_Problem description_
Word for word, write out the entries that follow, omitting all pictures.

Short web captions
====

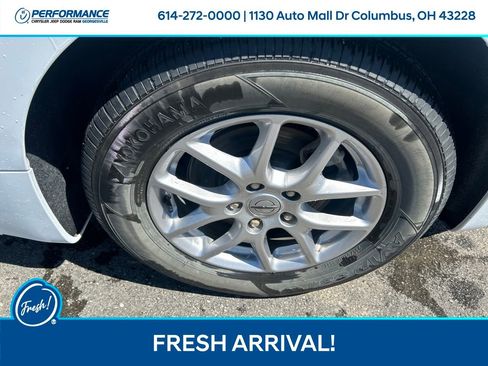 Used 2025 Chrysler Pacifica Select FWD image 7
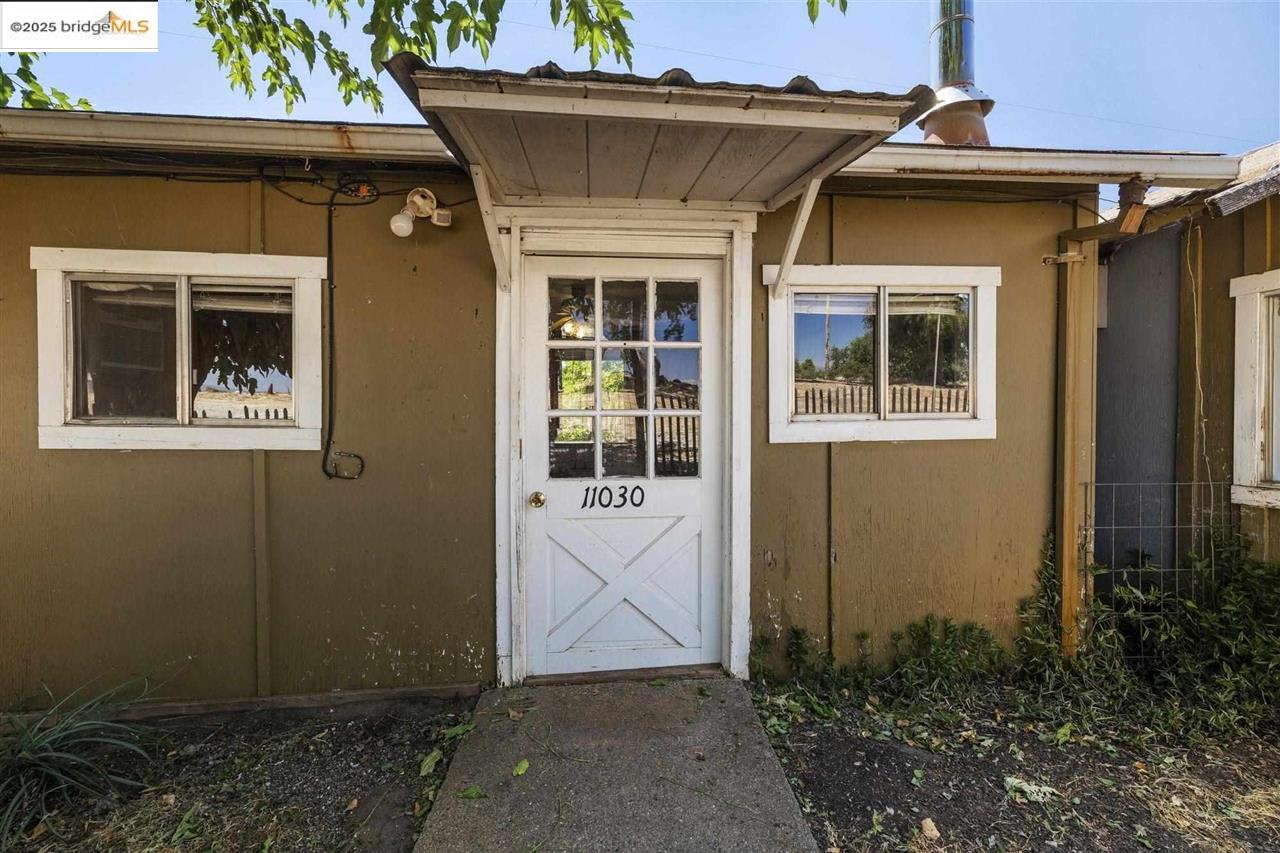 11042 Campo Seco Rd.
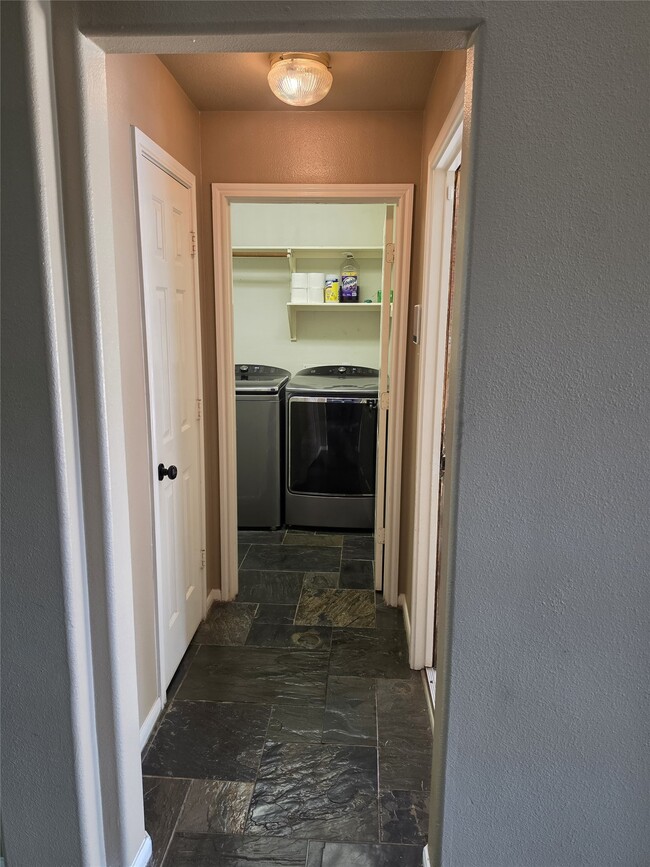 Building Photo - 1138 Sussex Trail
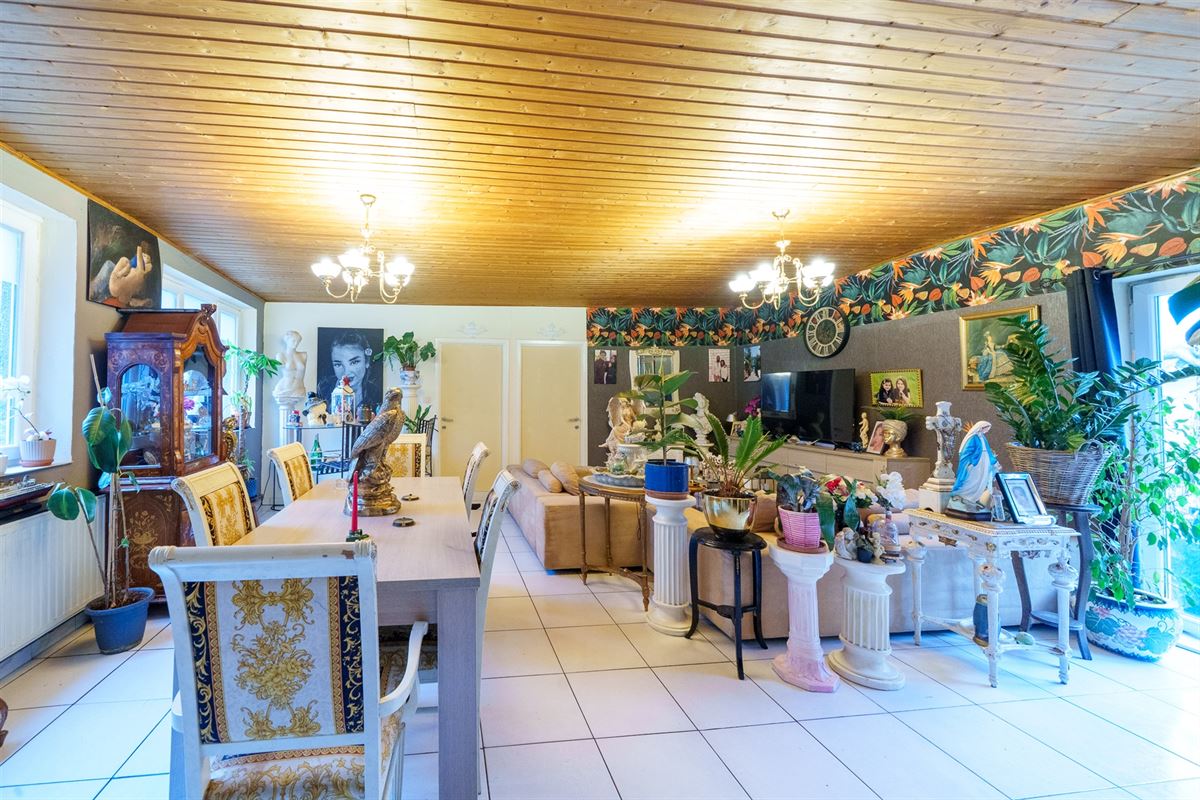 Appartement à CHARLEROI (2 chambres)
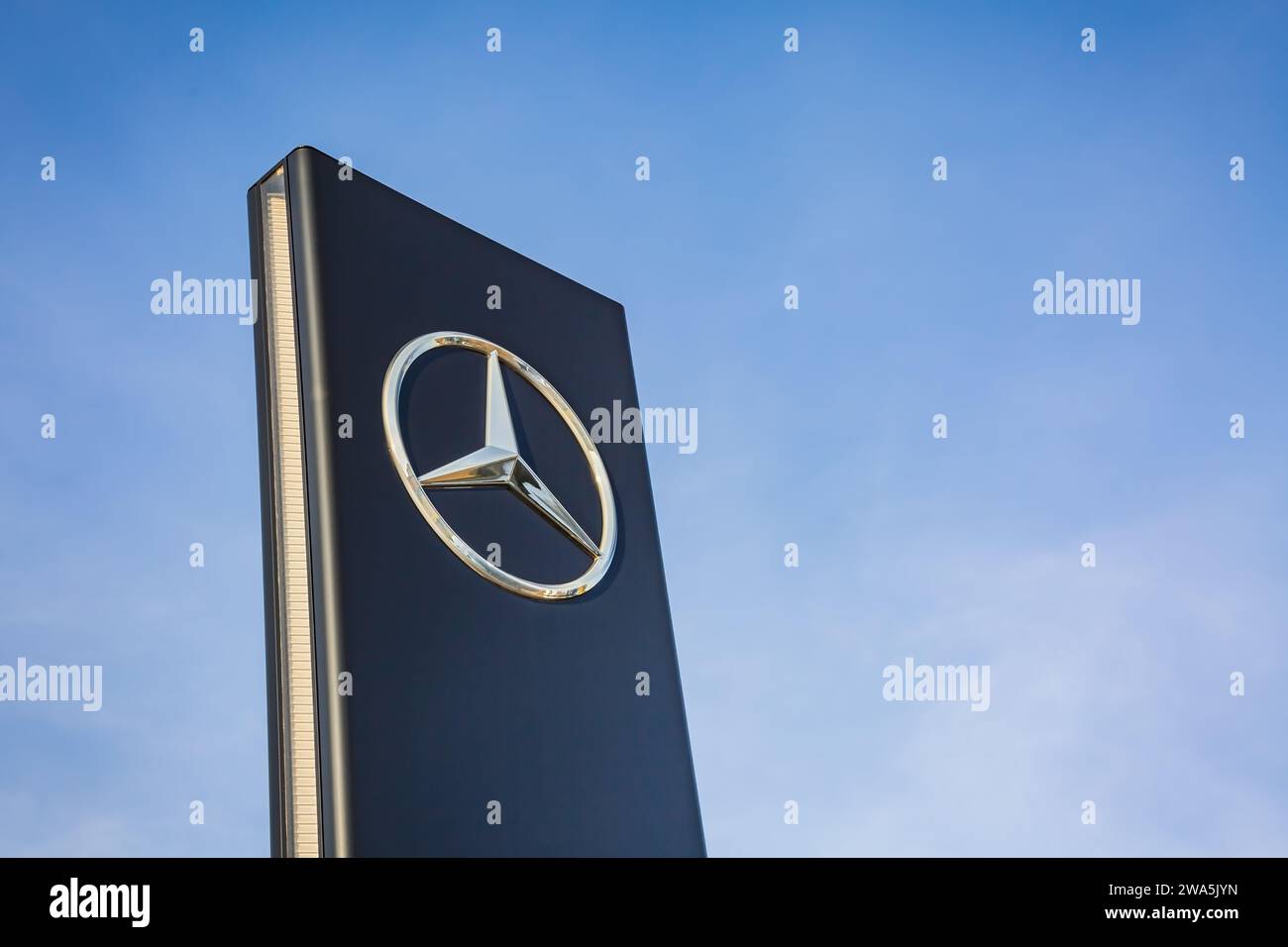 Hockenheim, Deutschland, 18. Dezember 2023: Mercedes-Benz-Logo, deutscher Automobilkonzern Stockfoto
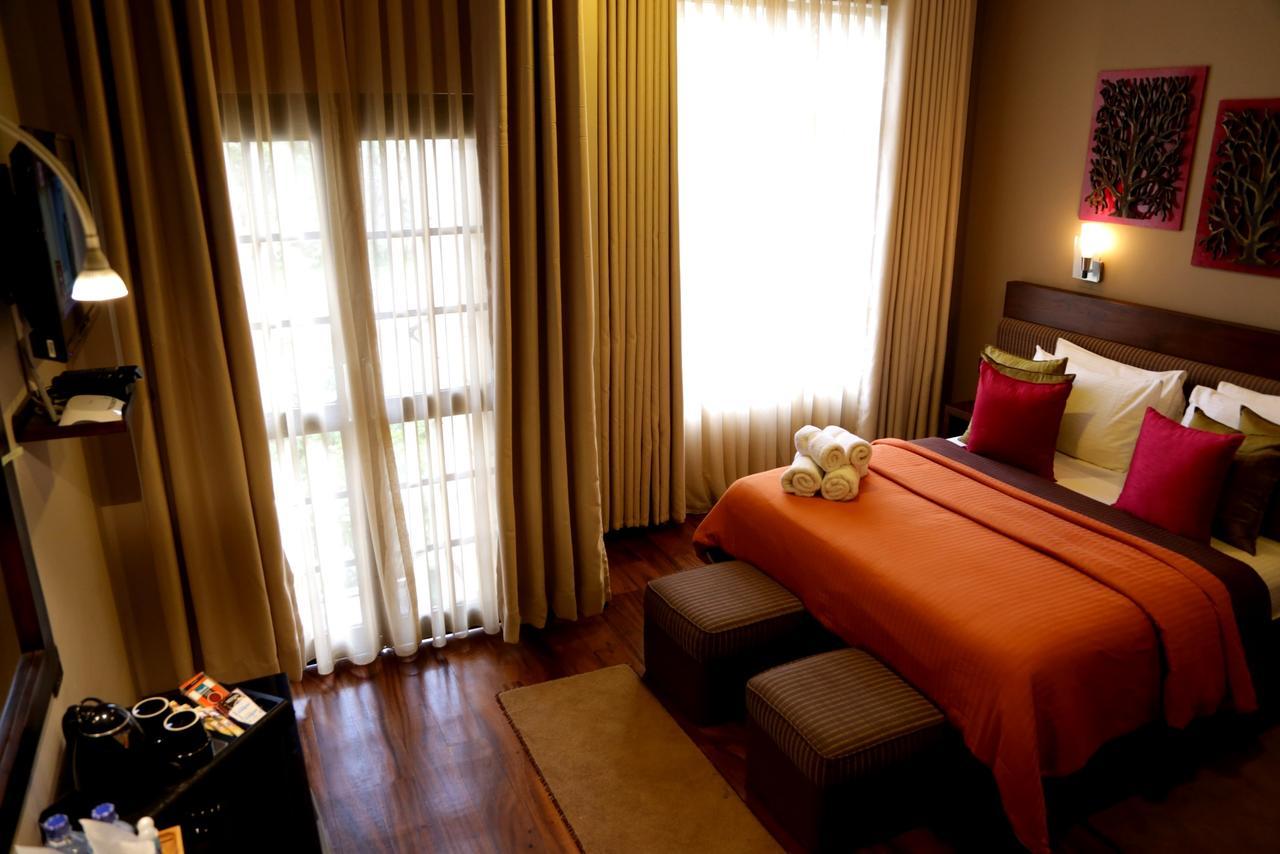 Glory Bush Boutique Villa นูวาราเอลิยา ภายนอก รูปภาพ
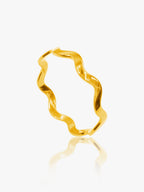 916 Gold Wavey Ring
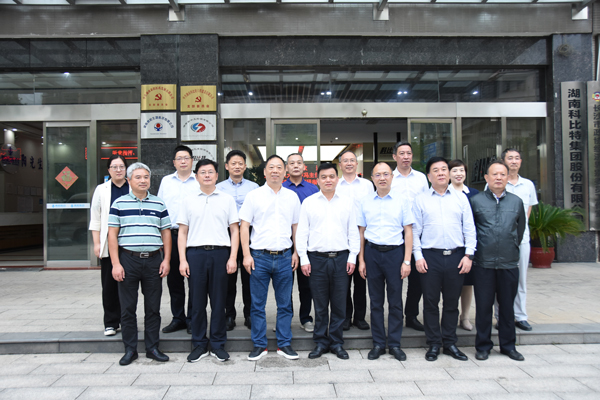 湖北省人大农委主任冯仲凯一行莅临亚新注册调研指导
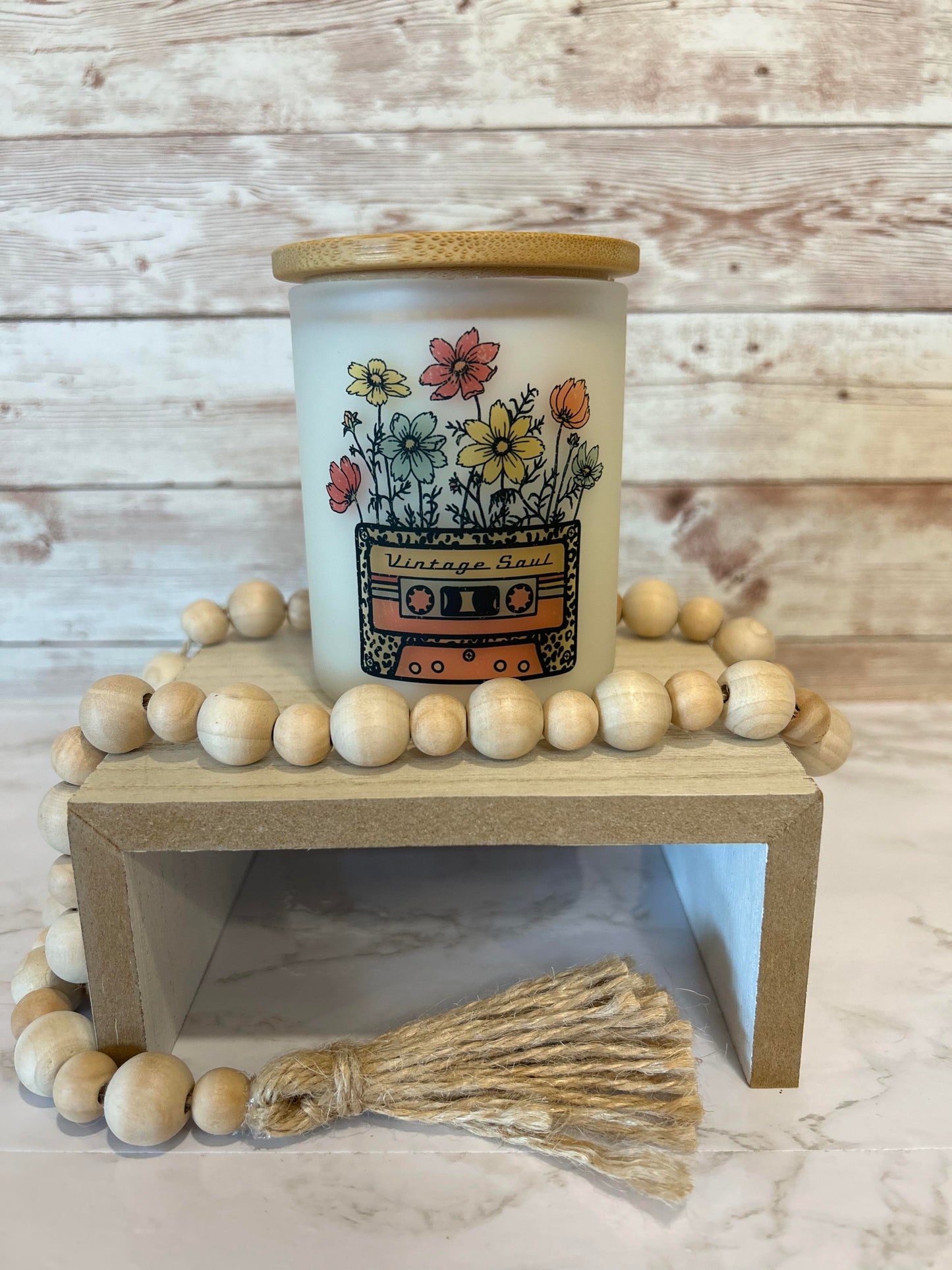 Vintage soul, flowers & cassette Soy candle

====

_Written solution_
 Used 2025 Chrysler Pacifica Select FWD image 7
 11042 Campo Seco Rd.
 Building Photo - 1138 Sussex Trail
 Appartement à CHARLEROI (2 chambres)
 Hockenheim, Deutschland, 18. Dezember 2023: Mercedes-Benz-Logo, deutscher Automobilkonzern Stockfoto
 Glory Bush Boutique Villa นูวาราเอลิยา ภายนอก รูปภาพ
 916 Gold Wavey Ring
 湖北省人大农委主任冯仲凯一行莅临亚新注册调研指导
 Vintage soul, flowers & cassette Soy candle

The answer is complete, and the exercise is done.